Précédemment auteur de trois courts métrages et du très remarqué moyen métrage Les Jours d’avant (2013), Karim Moussaoui franchit le cap du premier long métrage avec En attendant les hirondelles, présenté dans la section « Un certain regard » au dernier festival de Cannes. S’il dure près de deux heures, le film traduit toutefois encore le goût du jeune cinéaste algérien pour la forme courte puisqu’il se compose de trois segments narratifs distincts, chacun durant environ 35 minutes, centrés sur des personnages spécifiques. Il ne s’agit pas pour autant d’une résurgence du film à sketches : les trois récits sont intimement liés, le passage subreptice de l’un à l’autre s’effectuant sans césure par le biais d’un personnage-relais, et l’ensemble forme un tout très cohérent qui tend à offrir une vue en coupe de l’Algérie contemporaine au croisement de plusieurs trajectoires individuelles.
La griffe du passé
Chaque récit s’attache ainsi à un personnage principal saisi à un tournant révélateur de son existence, s’inscrivant dans un contexte socio-politique plus ou moins perceptible en toile de fond. Il y a d’abord Mourad, promoteur immobilier divorcé en proie à des doutes sérieux sur le plan professionnel comme sur le plan privé, qui semble ne plus savoir quelle direction donner à sa vie. Il se retrouve encore plus désorienté et confronté à lui-même après avoir assisté à une agression nocturne sans secourir la victime (un jeune homme, violemment frappé à terre) ni prévenir la police ou les secours. Il y a ensuite Aïcha, belle jeune femme tiraillée entre son amour pour Djalil et le mariage obligé avec un autre que le joug de la tradition lui impose. Il y a enfin Dahman, médecin en fin de carrière qui, à la veille de son mariage, se retrouve rattrapé par son passé, sous la forme d’une femme enlevée et violée par des rebelles islamistes dans les années 1990 – faits dont Dahman, lui-même enlevé par les islamistes, a été témoin…

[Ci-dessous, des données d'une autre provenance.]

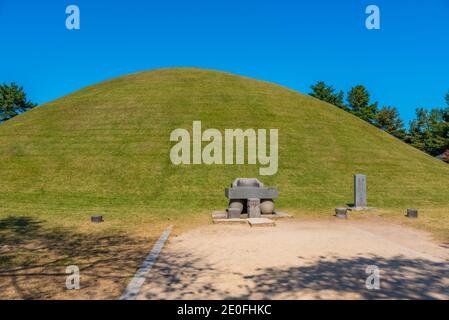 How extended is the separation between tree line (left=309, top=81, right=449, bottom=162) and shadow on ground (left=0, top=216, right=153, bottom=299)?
50117 millimetres

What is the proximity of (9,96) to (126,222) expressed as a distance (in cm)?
5578

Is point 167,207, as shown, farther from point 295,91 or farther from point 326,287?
point 295,91

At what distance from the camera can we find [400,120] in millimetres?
56188

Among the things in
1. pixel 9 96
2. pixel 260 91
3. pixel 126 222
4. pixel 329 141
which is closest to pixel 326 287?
pixel 126 222

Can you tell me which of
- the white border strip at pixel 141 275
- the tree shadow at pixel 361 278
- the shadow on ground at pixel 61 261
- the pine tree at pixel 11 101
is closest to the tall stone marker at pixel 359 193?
the tree shadow at pixel 361 278

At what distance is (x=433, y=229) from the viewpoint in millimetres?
10898

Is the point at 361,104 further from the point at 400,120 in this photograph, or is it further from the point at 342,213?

Comme on peut le deviner à la lecture du résumé qui précède, En attendant les hirondelles se fonde sur une dense matière fictionnelle qu’alourdit parfois le rappel trop marqué au (et du) réel. Cela se ressent surtout dans le premier et le troisième segment, au cours desquels la griffe du passé apparaît de manière très visible (et lisible) sur les personnages de Mourad et Dahman, chacun ployant sous le poids de la mauvaise conscience et la refoulant tant bien que mal, symboles vacillants d’une société patriarcale prête à tout pour maintenir ses acquis et se perpétuer. Le fait que Mourad soit atteint de cataracte souligne encore davantage son incapacité à – ou son refus de – voir la réalité en face et accentue sommairement la dimension symptomatique du personnage. Un même surplomb appuyé se distingue dans la scène, à la fin du film, où Dahman, s’extrayant de la fête de son mariage pour aller aux toilettes, se regarde fixement dans la glace tout en se lavant les mains puis retourne se mêler à la liesse collective.
Road-movie choral
En attendant les hirondelles parvient tout de même à sortir du cadre un peu restrictif de son scénario et à se déployer en affirmant une belle aptitude à prendre la tangente – au sens propre comme au sens figuré. Sorte de road-movie choral, le film démarre à Alger pour partir ensuite vers l’intérieur désertique du pays et s’immiscer jusqu’au cœur d’un bidonville dans la dernière partie. De plus, il s’autorise plusieurs belles échappées digressives en marge de son récit principal, notamment dans le deuxième segment, de loin le plus singulier et ouvert. Particulièrement détonante, l’une de ces échappées prend la forme d’une flamboyante scène de comédie musicale en plein milieu du désert. Plus discrète, une autre nous entraîne aux côtés d’un paysan et de son fils dont on peut croire alors qu’ils deviennent les principaux protagonistes du récit en cours avant que le film revienne se focaliser sur Aïcha et Djalil.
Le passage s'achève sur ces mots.